**WHAT YOU WILL DO:**
What are the lines below, starting at the line containing "Zwei Bleistifte liegen" and ending at the line containing "Securing the first hard drive with screws"? Write them out exactly, ends included, without pictures.

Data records
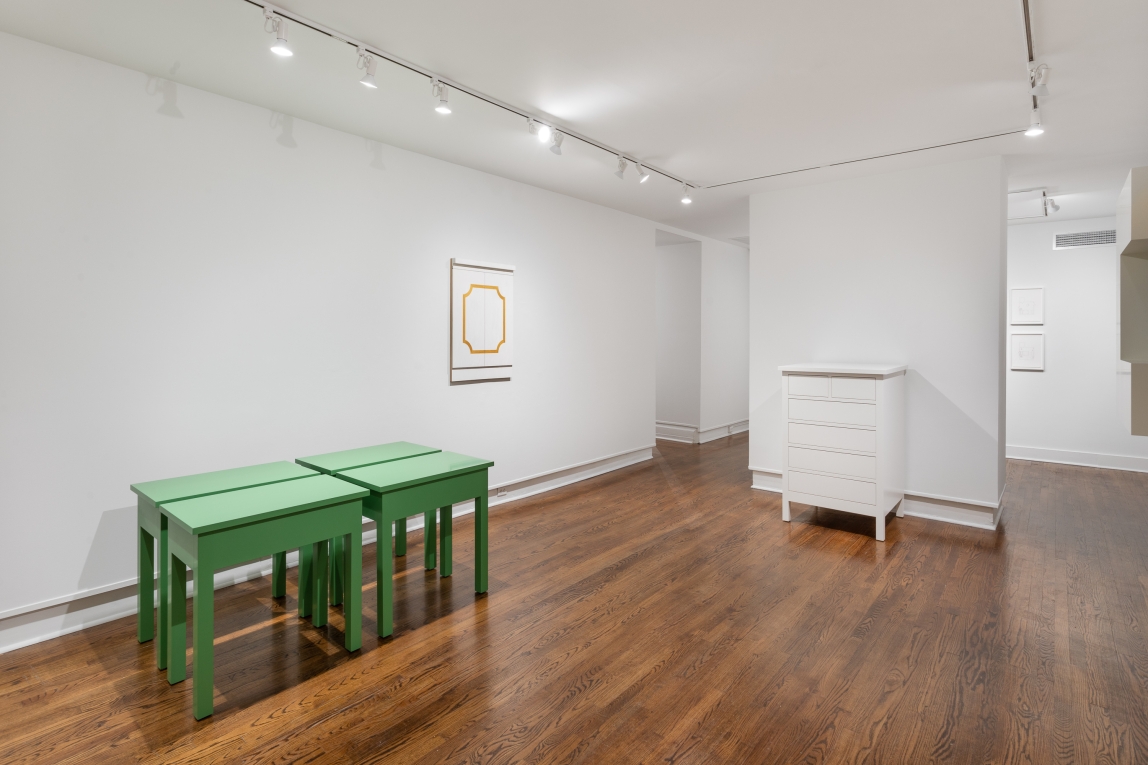 Installation view with four green tables grouped to the left, cabinet doors hanging in background and a white chest of drawers to the right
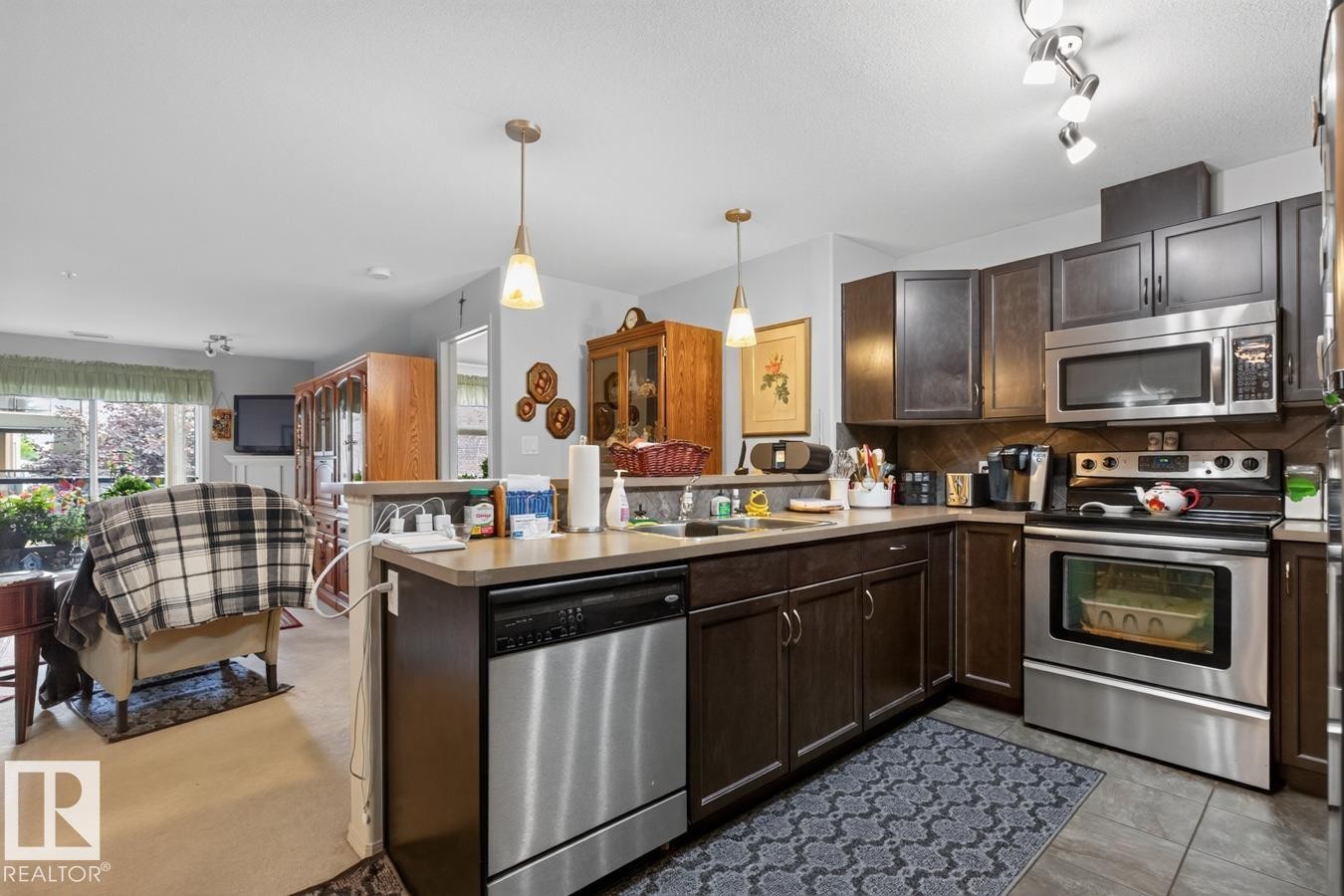 Kitchen featuring dark wood-finish cabinetry, stainless steel appliances, pendant lighting, and a neutral countertop - #210 7909 71 St Nw, Edmonton, AB - Indoor Photo Showing Kitchen With Double Sink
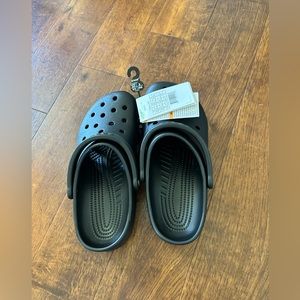 Black classic crocs. Size W6, M8, new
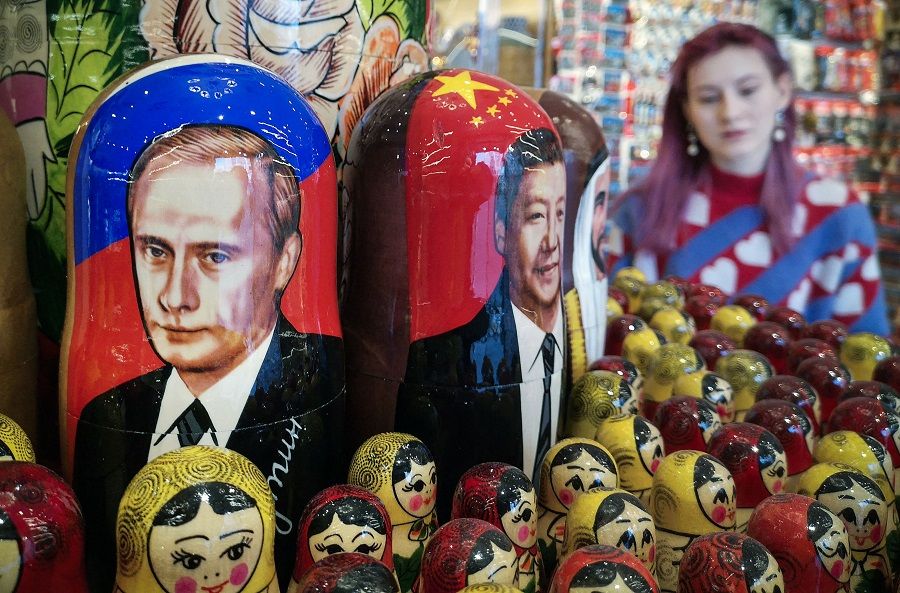 A vendor stands next to traditional Russian wooden nesting dolls depicting Russian President Vladimir Putin (left) and his Chinese counterpart Xi Jinping (centre) at a gift shop in Moscow on 11 March 2024. (Alexander Nemenov/AFP)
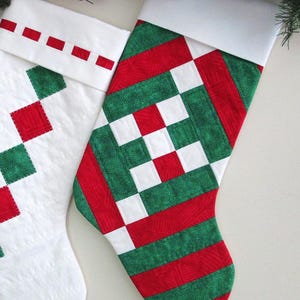 May include: Two Christmas stockings with white cuffs and quilted designs. One stocking features a pattern of red squares and green diamonds on a white background. The other stocking has a patchwork design of red, green, and white squares and stripes.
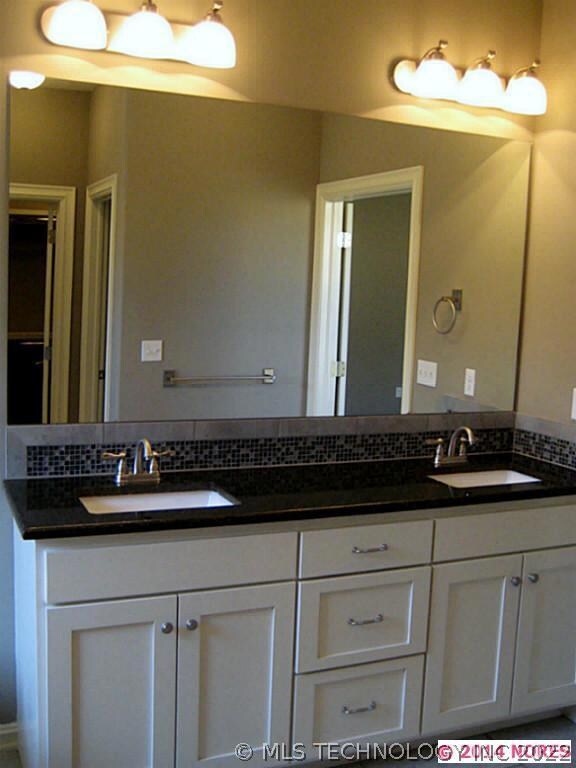 Dual sinks in Master with travertine floors.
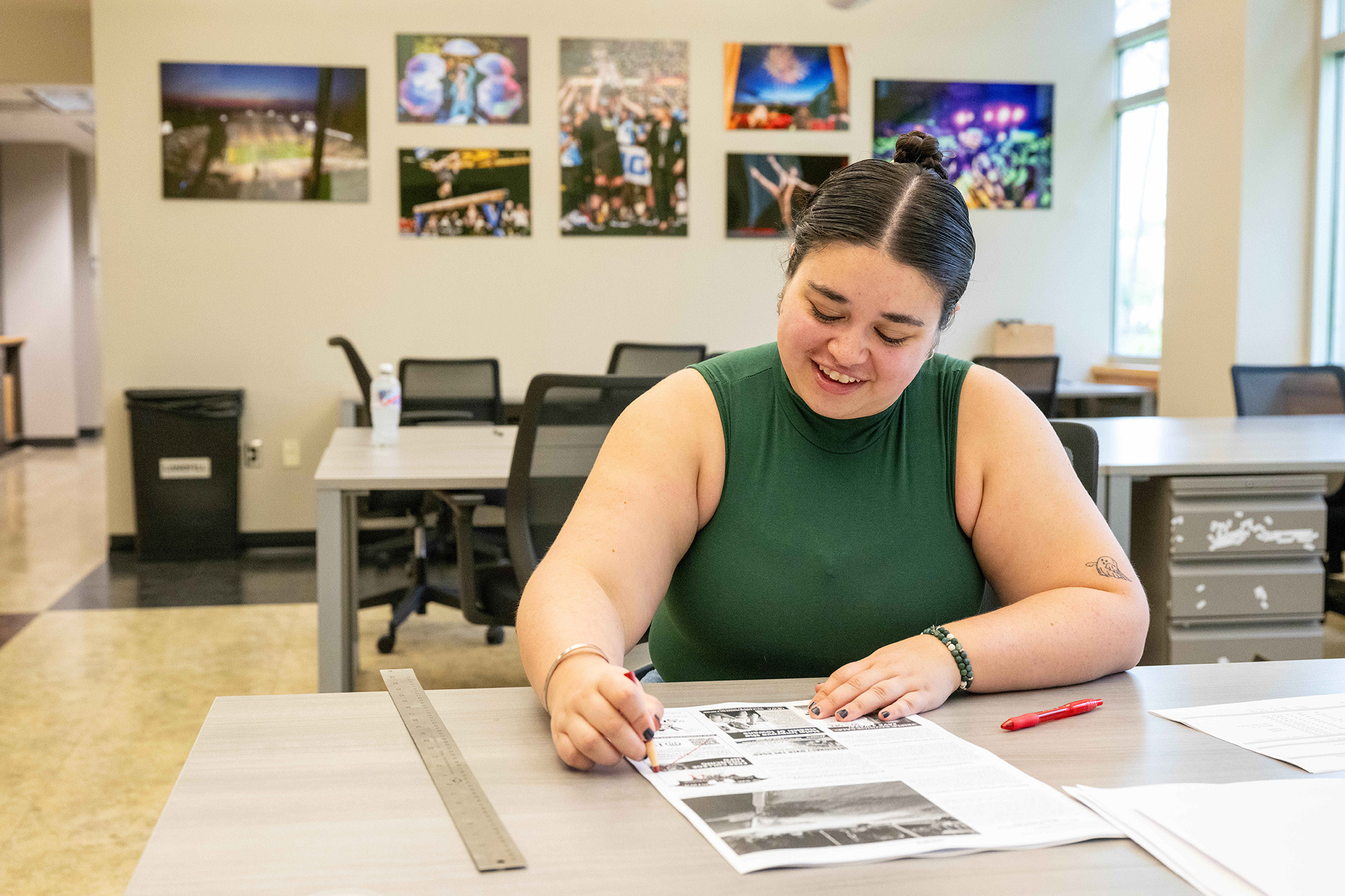 A woman sitting at a desk outlining a paper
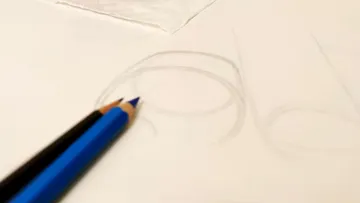 Zwei Bleistifte liegen auf einem Skizzenbuch.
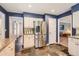 Stylish kitchen featuring stainless steel appliances and slate tile floors at 7573 S Saulsbury Ct, Littleton, CO 80128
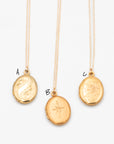 Three vintage oval gold lockets (A, B, C) featuring scroll, starburst, and floral engravings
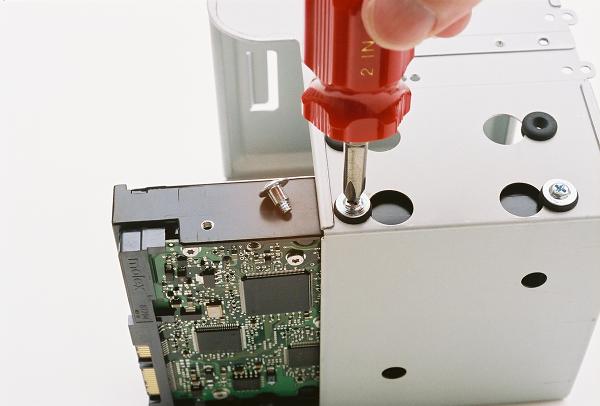 Securing the first hard drive with screws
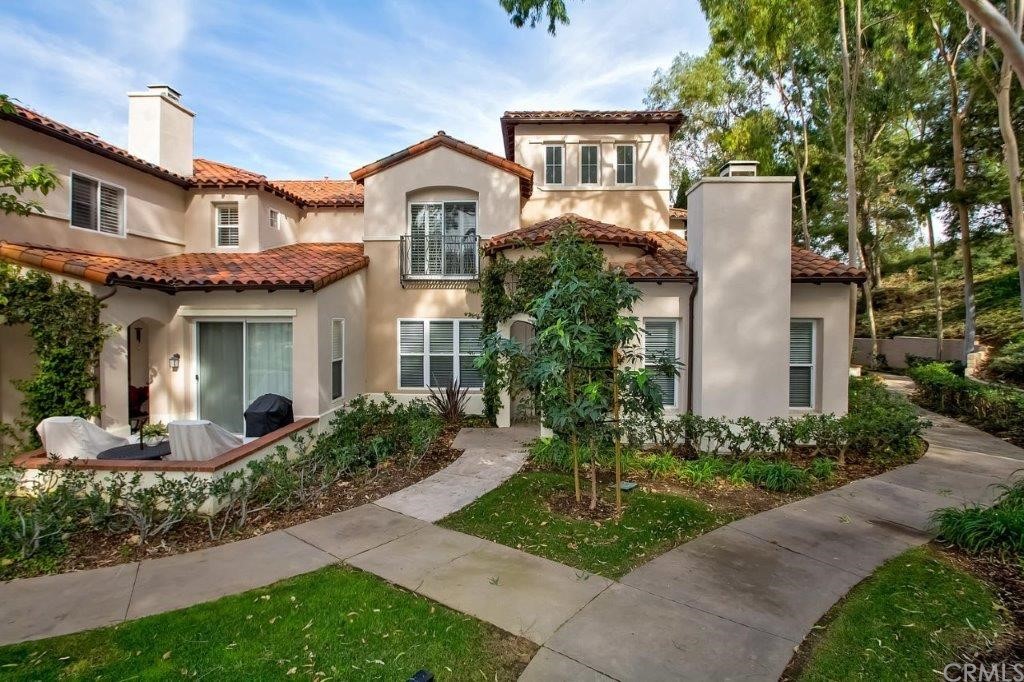 11 SORRENTO COURT IS A SOPHISTICATED 2 STORY CORNER TOWNHOUSE in beautiful, award winning, gated Trovare in Newport Coast: This townhouse has a stunning kitchen with designer cabinets, granite counters and a full compliment of top of the line stainless appliances. Downstairs is comprised of a living room with a fireplace, lots of windows and light, high vaulted ceilings, and slider entrance to a large outdoor patio, family room adjacent to the kitchen, a bedroom, bath, laundry room with washer and dryer and direct access to the 2 car garage . Up the dramatic spiral staircase are 2 additional bedrooms and bathrooms. The stairs and second level of this home have brand new carpet. Premium corner location overlooking lushly landscaped greenbelt. Plenty of sun-filled windows provide a light and bright living space. Enjoy resort living with full amenities: private gated community of Trovare with pool and spa as well as exclusive membership in Coastal Canyon Recreational Center with Jr. Olympic salt-water pool, tennis and sport courts, staffed clubhouse and community center with bbq's and kitchen. Close proximity to Crystal Cove Beach, Pelican Hill Resort 5 star international golf course and spa. Nearby Fashion Island and Crystal Cove world-class shopping and dining. Minutes to airport, schools, 73 Hwy and beach.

**SOLUTION BELOW:**
 Zwei Bleistifte liegen auf einem Skizzenbuch.
 Stylish kitchen featuring stainless steel appliances and slate tile floors at 7573 S Saulsbury Ct, Littleton, CO 80128
 Three vintage oval gold lockets (A, B, C) featuring scroll, starburst, and floral engravings
 Securing the first hard drive with screws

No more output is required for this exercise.